REASONS FOR JUDGMENT
 Mr. Sterritt, the Appellant, has appealed the April 20, 2015 assessment under the Income Tax Act (Canada) (Act) of his 2003 taxation year. His return for that taxation year was filed years later, on February 3, 2014. The return claimed a refund of $9,415 (rounded) for overpayment of taxes. The Appellant served a notice of objection claiming payment of his reported refund. In her August 30, 2016 response to the objection the Minister of National Revenue (Minister) confirmed the assessment, and informed the Appellant that as his 2003 tax return had not been filed within 10 calendar years of the end of the 2003 taxation year, a refund for overpayment of tax could not be made.
 The Appellant is in this Court requesting that the Minister be ordered to pay to him his claimed 2003 refund for overpayment of taxes.
 At the hearing of this appeal the Appellant and his neighbour Ms. Jean Jamieson each testified. In 2003 he had employment income and also a loss from operation of his farm. His testimony was that in 2003
“mad cow disease” was rampant, he had recently gotten divorced, he had just taken over care of his aging parents and he had considerable expenses pertaining to division of assets with his ex-spouse. These matters, he testified, all contributed to his not filing his tax returns for 2003 and succeeding years until February 3, 2014, after the Minister had commenced action to compel the Appellant to file his delinquent returns including for the 2003 taxation year. The Appellant however was of the mind that due to remittances of tax related to his off-farm employment income, and non-capital losses from 2002 that he thought could be carried forward, he did not actually owe any additional tax for the taxation years following his 2002 taxation year.
 He stated that in 2013 a Canada Revenue Agency (CRA) official requested that he file his late returns together, all at the same time, and he and the official agreed on a deadline extending into February 2014 for the Appellant to do so.

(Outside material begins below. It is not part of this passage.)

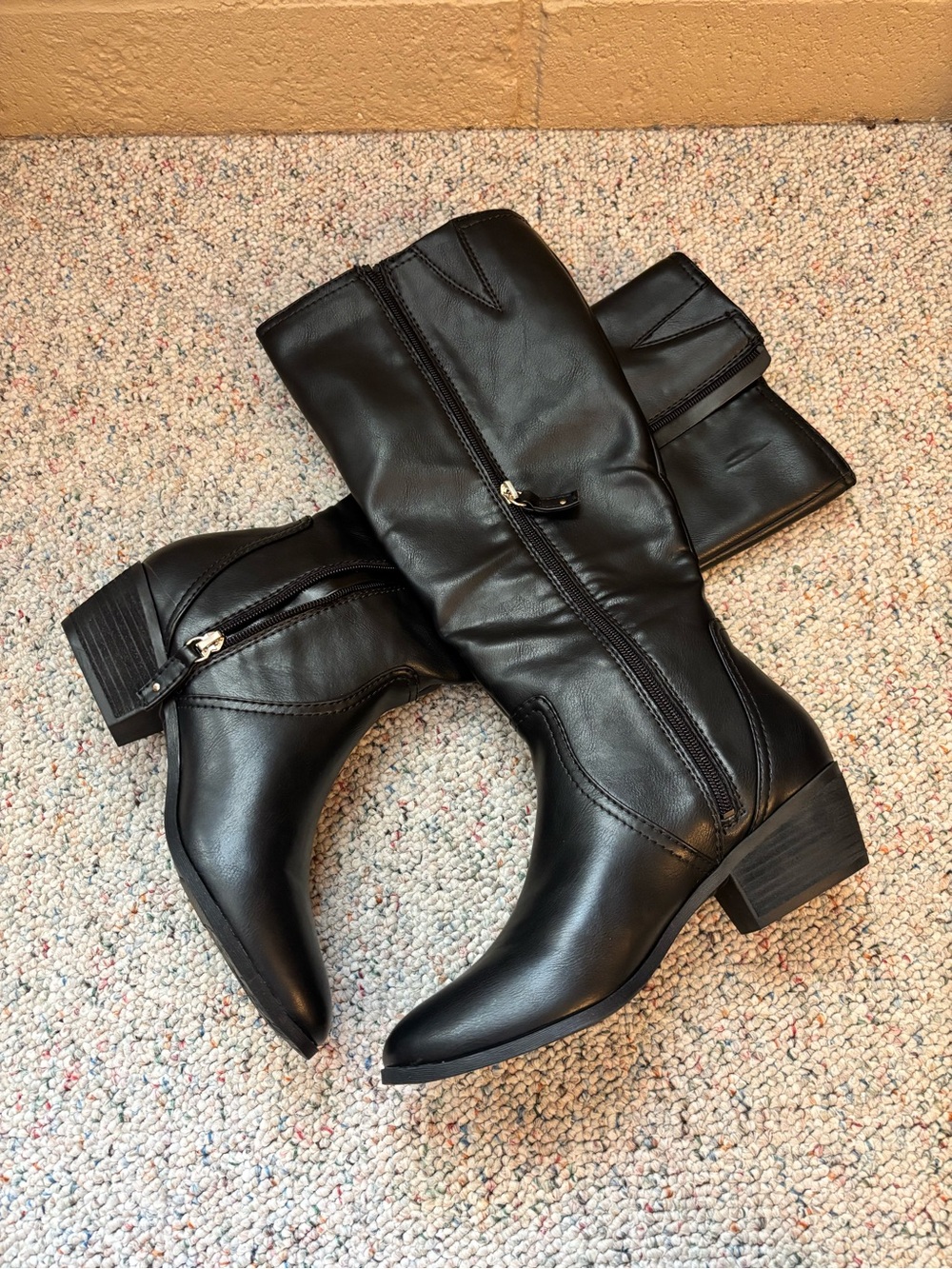 Dr. Scholls Women's Black Vegan Leather Knee High Boots with Side Zip NWOB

The Appellant accordingly did wait to have all his late returns prepared, before filing them altogether on February 3, 2014, within the deadlined period. The Appellant states now that if that CRA officer had told him that there was a 10 year limit for payment of refunds the Appellant could and would have filed his 2003 return prior to December 31, 2013 so as to have been within that 10 year period.
 As stated the Appellant is asking that the Minister be ordered to pay to him his claimed 2013 refund.
 However, this Court does not have jurisdiction to so order. The jurisdiction of this Court, in respect of the Act, is to hear appeals from assessments and reassessments (Tax Court of Canada Act, section 12).
 It is clear that the Minister declined to make this refund due to paragraph 164(1.5)(a) of the Act, which provides:
(1.5) Notwithstanding subsection (1), the Minister may, on or after sending a notice of assessment for a taxation year, refund all or any portion of any overpayment of a taxpayer for the year
(a) if the taxpayer is an individual (other than a trust) or a graduated rate estate for the year and the taxpayer’s return of income under this Part for the year was filed on or before the day that is 10 calendar years after the end of the year;
(b) where an assessment or a redetermination was made under subsection 152(4.2) or 220(3.1) or 220(3.4) in respect of the taxpayer; or
(c) to the extent that the overpayment relates to an assessment of another taxpayer under subsection 227(10) or (10.1) (in this paragraph referred to as the “other assessment”), if the taxpayer’s return of income under this Part for the taxation year is filed on or before the day that is two years after the date of the other assessment and if the other assessment relates to
(i) in the case of an amount assessed under subsection 227(10), a payment to the taxpayer of a fee, commission or other amount in respect of services rendered in Canada by a non-resident person or partnership, and
(ii) in the case of an amount assessed under subsection 227(10.1), an amount payable under subsection 116(5) or (5.3) in respect of a disposition of property by the taxpayer.
 As indicated, seeking that the Minister be ordered to issue the refund is not an aspect of deciding if an assessment or reassessment or a notice of loss determination as right or wrong. Thus it is not within the jurisdiction of this Court. It likely is within the jurisdiction of Ontario’s Superior Court of Justice as the Appellant resides in Ontario and as well within the jurisdiction of the Federal Court.
 Here, the Appellant’s dissatisfaction is not with the assessment itself, which is not inconsistent with the Appellant’s filing position. Rather, he is dissatisfied with the Minister’s accompanying decision to not pay out the claimed refund.
 Accordingly, the appeal is dismissed, without costs.
Signed at Ottawa, Canada, this 20th day of June 2018.